PROBLEM DETAILS: The records below hold a stretch from the line with "Brisk Back-to-Back Slimline" through the line with "thumbnail image 6"; return exactly those lines, ends included, and nothing more.

SUPPLIED RECORDS:
= = = = = = =
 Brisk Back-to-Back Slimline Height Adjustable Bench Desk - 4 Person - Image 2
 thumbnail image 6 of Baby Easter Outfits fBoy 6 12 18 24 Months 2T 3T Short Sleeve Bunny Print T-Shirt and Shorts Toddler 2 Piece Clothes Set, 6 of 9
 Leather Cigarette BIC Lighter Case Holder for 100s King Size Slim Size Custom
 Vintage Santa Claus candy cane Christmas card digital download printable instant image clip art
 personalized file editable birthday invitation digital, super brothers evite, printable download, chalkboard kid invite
= = = = = = =
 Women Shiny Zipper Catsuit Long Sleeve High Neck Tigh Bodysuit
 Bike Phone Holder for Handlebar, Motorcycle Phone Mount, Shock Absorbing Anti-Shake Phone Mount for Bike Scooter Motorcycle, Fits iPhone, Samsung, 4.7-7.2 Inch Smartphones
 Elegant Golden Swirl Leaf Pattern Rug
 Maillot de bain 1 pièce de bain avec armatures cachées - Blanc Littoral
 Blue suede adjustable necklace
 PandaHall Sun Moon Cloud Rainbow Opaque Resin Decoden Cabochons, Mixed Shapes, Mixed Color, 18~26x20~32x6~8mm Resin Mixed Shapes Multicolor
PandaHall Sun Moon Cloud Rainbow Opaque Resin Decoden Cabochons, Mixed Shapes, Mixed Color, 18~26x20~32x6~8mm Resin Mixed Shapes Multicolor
= = = = = = =
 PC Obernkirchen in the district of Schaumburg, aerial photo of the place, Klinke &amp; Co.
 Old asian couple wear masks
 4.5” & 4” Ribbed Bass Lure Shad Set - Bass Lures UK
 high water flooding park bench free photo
= = = = = = =
OUTPUT:
 Brisk Back-to-Back Slimline Height Adjustable Bench Desk - 4 Person - Image 2
 thumbnail image 6 of Baby Easter Outfits fBoy 6 12 18 24 Months 2T 3T Short Sleeve Bunny Print T-Shirt and Shorts Toddler 2 Piece Clothes Set, 6 of 9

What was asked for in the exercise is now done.